Enzalutamide Now Approved for Use Before Chemo in mCRPC
The FDA has expanded the approval for the androgen receptor inhibitor enzalutamide (Xtandi) to include the treatment of men with chemotherapy-naive mCRPC.
Tomasz M. Beer, MD
The FDA has expanded the approval for the androgen receptor inhibitor enzalutamide (Xtandi) to include the treatment of men with chemotherapy-naive metastatic castration-resistant prostate cancer (mCRPC), based on survival data from the phase III PREVAIL trial which showed that enzalutamide improved overall survival (OS) by 29% and radiographic progression-free survival (rPFS) by 81% compared with placebo.
"Enzalutamide has been shown to extend overall survival and significantly delay the progression of prostate cancer," co-principal investigator Tomasz M. Beer, MD, the deputy director of the Knight Cancer Institute and professor of medicine at Oregon Health & Science University, said in a press release. "In the PREVAIL trial, the median time to initiating chemotherapy was delayed by 17 months with enzalutamide treatment as compared to placebo, so the result is a meaningful period of time during which men have their disease controlled without the need for chemotherapy."
In the phase III study, 1717 men with a median age of 71 years received treatment with enzalutamide (n = 872) or placebo (n = 845). Enzalutamide was administered at 160 mg daily.

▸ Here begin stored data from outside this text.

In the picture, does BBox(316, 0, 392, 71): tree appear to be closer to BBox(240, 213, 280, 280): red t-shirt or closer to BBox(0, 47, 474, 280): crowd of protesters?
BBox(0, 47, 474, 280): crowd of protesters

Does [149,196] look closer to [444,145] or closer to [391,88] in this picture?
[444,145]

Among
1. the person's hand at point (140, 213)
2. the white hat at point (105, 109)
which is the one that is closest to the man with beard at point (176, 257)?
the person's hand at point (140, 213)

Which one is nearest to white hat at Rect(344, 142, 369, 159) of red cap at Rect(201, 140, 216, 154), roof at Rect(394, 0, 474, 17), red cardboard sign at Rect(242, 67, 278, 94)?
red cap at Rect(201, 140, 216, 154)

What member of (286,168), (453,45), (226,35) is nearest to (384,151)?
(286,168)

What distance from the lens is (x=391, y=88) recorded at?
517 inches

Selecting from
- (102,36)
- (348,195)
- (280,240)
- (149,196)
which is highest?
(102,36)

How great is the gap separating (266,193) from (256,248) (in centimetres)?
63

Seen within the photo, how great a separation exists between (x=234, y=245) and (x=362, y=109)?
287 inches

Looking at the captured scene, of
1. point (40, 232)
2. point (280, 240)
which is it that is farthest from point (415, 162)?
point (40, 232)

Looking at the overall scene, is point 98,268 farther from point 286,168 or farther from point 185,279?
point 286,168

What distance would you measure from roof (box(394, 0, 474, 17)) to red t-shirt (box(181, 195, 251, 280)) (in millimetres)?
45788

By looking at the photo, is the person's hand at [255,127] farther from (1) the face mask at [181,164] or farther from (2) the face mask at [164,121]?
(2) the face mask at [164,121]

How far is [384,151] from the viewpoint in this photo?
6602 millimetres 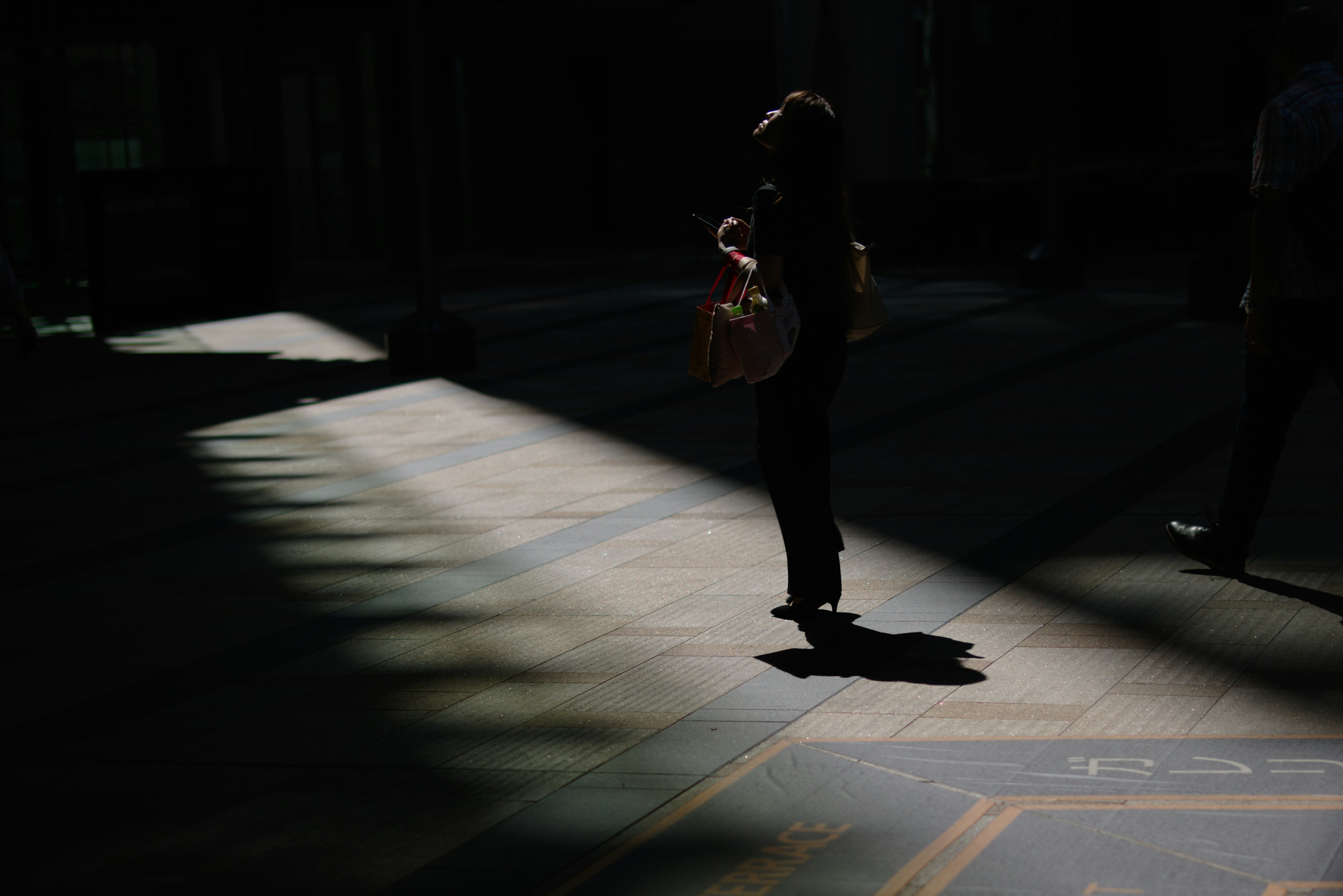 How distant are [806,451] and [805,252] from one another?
661 millimetres

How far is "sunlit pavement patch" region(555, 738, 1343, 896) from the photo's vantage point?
3551mm

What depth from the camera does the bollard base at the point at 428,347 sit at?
45.4ft

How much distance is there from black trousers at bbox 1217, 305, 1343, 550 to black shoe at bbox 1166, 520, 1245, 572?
0.13ft

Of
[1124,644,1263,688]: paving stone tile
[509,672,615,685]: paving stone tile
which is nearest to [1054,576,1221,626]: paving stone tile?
[1124,644,1263,688]: paving stone tile

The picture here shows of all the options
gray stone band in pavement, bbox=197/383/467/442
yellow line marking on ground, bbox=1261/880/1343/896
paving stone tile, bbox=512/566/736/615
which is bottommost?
gray stone band in pavement, bbox=197/383/467/442

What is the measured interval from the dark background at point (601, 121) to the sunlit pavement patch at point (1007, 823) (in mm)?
15630

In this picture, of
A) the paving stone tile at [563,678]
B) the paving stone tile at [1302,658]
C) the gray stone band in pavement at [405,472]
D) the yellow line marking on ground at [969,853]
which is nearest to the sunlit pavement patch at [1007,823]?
the yellow line marking on ground at [969,853]

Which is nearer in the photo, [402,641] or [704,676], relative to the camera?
[704,676]

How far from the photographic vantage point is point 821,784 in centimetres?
420

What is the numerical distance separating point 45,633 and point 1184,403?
22.4 ft

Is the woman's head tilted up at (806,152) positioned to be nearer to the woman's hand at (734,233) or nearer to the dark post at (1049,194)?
the woman's hand at (734,233)

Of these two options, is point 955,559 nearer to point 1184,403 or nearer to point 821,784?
point 821,784

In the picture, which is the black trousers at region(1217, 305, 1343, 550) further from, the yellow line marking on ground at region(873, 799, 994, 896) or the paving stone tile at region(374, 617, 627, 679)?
the yellow line marking on ground at region(873, 799, 994, 896)

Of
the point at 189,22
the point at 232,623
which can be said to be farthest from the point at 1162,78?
the point at 232,623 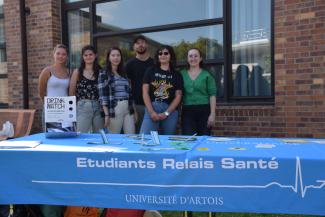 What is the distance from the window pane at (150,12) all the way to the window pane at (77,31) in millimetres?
305

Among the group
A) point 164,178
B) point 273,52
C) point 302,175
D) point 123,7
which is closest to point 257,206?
point 302,175

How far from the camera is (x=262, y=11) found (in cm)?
532

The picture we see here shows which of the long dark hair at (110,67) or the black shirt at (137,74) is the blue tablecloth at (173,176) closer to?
the long dark hair at (110,67)

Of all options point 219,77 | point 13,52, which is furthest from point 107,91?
point 13,52

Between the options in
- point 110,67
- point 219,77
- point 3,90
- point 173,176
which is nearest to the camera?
point 173,176

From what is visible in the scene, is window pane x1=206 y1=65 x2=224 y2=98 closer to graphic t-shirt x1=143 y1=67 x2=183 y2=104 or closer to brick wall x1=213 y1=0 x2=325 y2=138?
brick wall x1=213 y1=0 x2=325 y2=138

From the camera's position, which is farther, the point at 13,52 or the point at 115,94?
the point at 13,52

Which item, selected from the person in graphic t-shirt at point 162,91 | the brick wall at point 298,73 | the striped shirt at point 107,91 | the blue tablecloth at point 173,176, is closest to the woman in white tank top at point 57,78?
the striped shirt at point 107,91

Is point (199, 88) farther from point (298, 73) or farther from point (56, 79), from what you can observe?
point (56, 79)

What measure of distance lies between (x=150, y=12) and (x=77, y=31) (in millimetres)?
1561

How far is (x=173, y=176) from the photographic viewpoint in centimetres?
243

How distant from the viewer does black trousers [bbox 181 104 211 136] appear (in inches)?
175

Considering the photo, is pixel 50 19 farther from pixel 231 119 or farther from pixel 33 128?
pixel 231 119

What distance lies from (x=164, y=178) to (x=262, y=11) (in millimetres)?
3675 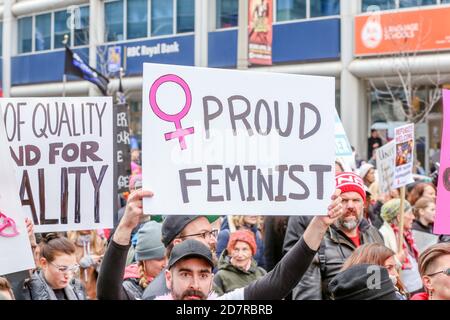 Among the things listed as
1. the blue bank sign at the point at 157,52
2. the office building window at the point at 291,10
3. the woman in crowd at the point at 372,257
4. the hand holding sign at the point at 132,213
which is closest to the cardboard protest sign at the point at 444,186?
the woman in crowd at the point at 372,257

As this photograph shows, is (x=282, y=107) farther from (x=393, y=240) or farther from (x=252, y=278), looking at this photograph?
(x=393, y=240)

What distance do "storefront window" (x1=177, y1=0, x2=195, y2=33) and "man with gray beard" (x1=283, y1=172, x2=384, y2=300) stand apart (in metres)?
20.8

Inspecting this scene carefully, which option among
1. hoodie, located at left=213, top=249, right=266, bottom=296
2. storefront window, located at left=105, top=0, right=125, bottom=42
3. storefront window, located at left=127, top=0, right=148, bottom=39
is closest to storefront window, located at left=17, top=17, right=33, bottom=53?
storefront window, located at left=105, top=0, right=125, bottom=42

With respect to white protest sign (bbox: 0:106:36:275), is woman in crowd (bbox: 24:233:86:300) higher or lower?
lower

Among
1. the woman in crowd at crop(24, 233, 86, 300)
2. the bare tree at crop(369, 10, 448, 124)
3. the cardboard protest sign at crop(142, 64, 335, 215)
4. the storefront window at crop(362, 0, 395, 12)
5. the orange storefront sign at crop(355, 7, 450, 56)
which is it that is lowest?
the woman in crowd at crop(24, 233, 86, 300)

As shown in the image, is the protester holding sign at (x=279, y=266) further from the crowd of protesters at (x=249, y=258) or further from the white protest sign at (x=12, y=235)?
the white protest sign at (x=12, y=235)

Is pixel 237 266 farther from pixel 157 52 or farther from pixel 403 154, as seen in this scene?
pixel 157 52

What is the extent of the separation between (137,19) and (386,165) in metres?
20.0

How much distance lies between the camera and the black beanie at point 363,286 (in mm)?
3279

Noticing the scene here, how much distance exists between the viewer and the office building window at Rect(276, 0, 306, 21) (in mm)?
23047

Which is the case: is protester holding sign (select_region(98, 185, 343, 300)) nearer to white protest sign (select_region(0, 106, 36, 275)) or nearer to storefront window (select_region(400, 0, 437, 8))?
white protest sign (select_region(0, 106, 36, 275))

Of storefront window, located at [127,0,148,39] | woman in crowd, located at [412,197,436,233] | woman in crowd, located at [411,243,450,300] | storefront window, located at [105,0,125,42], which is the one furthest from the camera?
storefront window, located at [127,0,148,39]

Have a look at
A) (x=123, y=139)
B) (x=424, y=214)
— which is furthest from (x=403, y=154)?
(x=123, y=139) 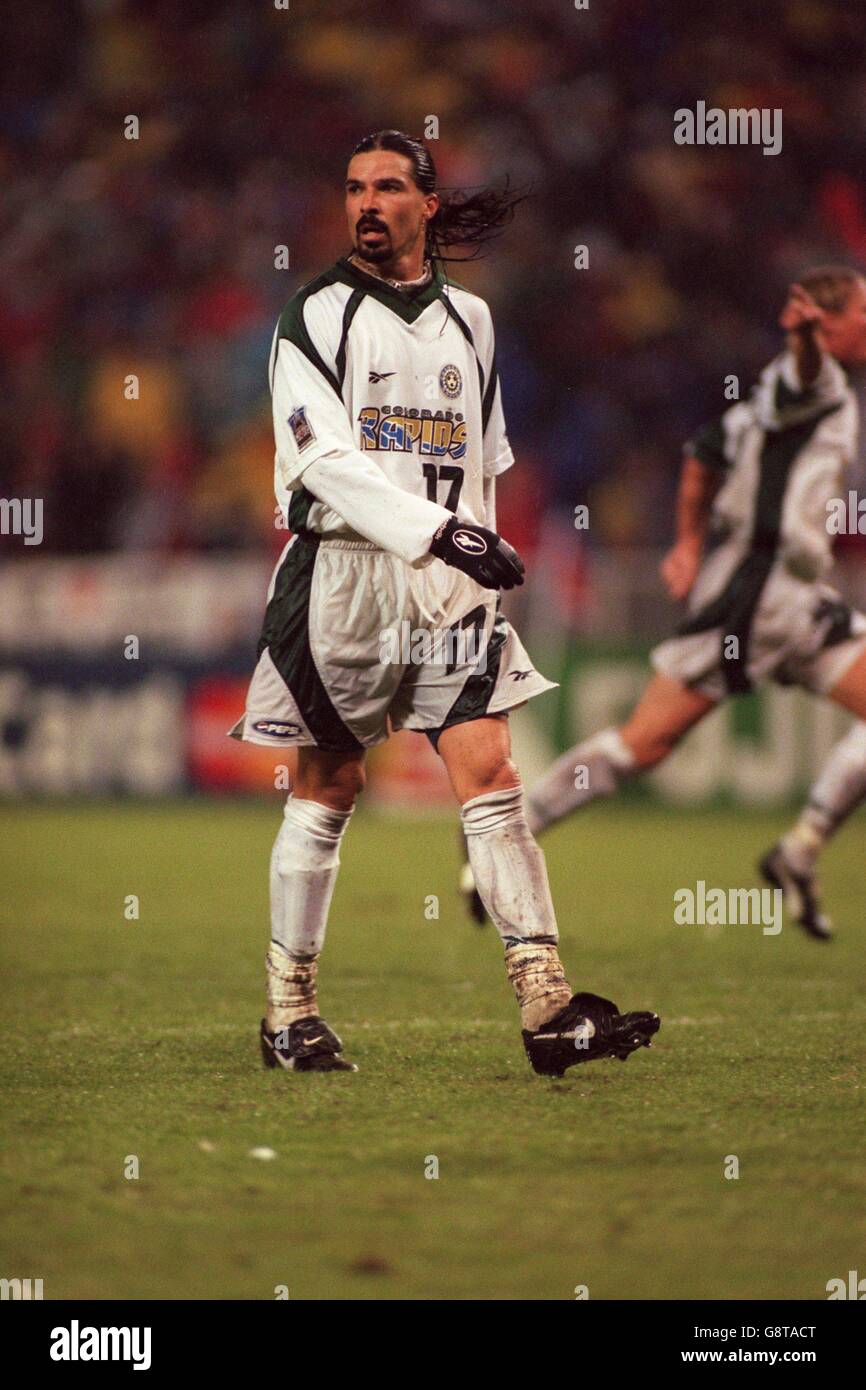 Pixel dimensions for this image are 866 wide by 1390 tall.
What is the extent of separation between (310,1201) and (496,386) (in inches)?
81.2

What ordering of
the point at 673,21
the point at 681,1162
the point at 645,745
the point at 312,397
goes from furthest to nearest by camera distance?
the point at 673,21 → the point at 645,745 → the point at 312,397 → the point at 681,1162

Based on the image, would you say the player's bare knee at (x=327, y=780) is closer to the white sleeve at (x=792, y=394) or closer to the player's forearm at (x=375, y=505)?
the player's forearm at (x=375, y=505)

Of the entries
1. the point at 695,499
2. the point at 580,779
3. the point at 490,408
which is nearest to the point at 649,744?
the point at 580,779

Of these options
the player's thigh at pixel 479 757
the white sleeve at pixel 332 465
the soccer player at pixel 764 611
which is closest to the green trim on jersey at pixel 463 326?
the white sleeve at pixel 332 465

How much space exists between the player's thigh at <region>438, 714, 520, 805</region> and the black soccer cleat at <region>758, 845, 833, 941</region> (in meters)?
3.00

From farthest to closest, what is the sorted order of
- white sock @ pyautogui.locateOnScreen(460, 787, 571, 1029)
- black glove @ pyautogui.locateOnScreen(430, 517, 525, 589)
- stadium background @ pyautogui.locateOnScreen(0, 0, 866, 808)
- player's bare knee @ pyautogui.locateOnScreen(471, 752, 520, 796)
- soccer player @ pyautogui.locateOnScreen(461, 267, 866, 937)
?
stadium background @ pyautogui.locateOnScreen(0, 0, 866, 808) → soccer player @ pyautogui.locateOnScreen(461, 267, 866, 937) → player's bare knee @ pyautogui.locateOnScreen(471, 752, 520, 796) → white sock @ pyautogui.locateOnScreen(460, 787, 571, 1029) → black glove @ pyautogui.locateOnScreen(430, 517, 525, 589)

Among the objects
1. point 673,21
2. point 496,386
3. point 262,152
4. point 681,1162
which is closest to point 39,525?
point 262,152

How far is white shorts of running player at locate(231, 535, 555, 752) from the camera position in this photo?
439 centimetres

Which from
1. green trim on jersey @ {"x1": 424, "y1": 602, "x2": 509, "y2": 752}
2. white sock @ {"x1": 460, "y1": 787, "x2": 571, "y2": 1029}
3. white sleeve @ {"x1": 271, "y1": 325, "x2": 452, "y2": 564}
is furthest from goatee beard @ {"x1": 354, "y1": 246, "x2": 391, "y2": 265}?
white sock @ {"x1": 460, "y1": 787, "x2": 571, "y2": 1029}

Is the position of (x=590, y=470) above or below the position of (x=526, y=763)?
above

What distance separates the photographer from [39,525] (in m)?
16.0

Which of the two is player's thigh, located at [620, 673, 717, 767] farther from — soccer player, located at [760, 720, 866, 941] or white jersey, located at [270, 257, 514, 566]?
white jersey, located at [270, 257, 514, 566]

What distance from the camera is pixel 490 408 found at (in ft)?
15.0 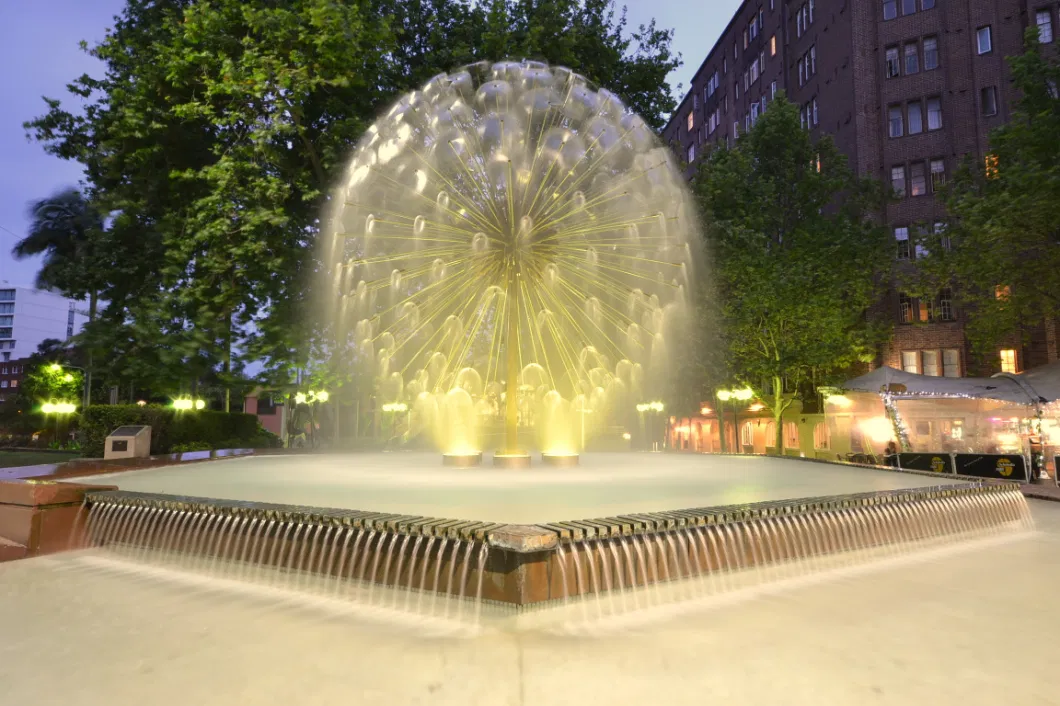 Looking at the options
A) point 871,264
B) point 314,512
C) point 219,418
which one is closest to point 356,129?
point 219,418

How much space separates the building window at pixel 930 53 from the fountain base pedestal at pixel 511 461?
3541 centimetres

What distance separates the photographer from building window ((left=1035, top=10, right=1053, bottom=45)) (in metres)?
33.8

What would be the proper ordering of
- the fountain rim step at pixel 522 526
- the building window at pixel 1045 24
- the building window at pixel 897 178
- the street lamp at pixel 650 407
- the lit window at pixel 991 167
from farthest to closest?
the street lamp at pixel 650 407 < the building window at pixel 897 178 < the building window at pixel 1045 24 < the lit window at pixel 991 167 < the fountain rim step at pixel 522 526

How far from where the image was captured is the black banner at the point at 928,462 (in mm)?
17062

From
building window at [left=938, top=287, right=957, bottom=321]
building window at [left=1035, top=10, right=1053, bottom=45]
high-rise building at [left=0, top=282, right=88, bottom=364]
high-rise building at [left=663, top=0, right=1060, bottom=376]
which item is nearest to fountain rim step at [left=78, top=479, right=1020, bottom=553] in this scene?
high-rise building at [left=663, top=0, right=1060, bottom=376]

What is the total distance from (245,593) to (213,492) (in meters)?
3.77

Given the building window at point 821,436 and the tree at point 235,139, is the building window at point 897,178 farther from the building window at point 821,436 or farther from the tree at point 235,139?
the tree at point 235,139

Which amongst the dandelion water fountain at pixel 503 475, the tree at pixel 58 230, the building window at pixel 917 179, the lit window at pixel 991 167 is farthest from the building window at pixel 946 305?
the tree at pixel 58 230

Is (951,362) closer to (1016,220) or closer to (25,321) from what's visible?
(1016,220)

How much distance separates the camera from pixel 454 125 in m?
15.0

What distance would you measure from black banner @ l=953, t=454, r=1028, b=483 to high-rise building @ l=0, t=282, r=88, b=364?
587 feet

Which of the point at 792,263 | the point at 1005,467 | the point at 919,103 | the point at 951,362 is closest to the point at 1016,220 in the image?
the point at 792,263

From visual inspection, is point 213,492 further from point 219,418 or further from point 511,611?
point 219,418

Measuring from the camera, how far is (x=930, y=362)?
35.2 metres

The co-primary endpoints of the study were OS and rPFS. Castration-resistance was determined by PSA-only progression in 43% of patients, and 54% demonstrated radiographic evidence of disease progression prior to entering the study.
An interim analysis was conducted following 540 deaths, which demonstrated a statistically significant advantage for enzalutamide for both OS and rPFS. At this point, the study was halted and men in the placebo arm were allowed to cross over to receive enzalutamide.
The most common subsequent therapies for patients in the enzalutamide and placebo arm were docetaxel (33% and 57%) and abiraterone acetate (21% and 46%). Forty percent of patients in the enzalutamide arm received subsequent therapies compared with 70% with placebo.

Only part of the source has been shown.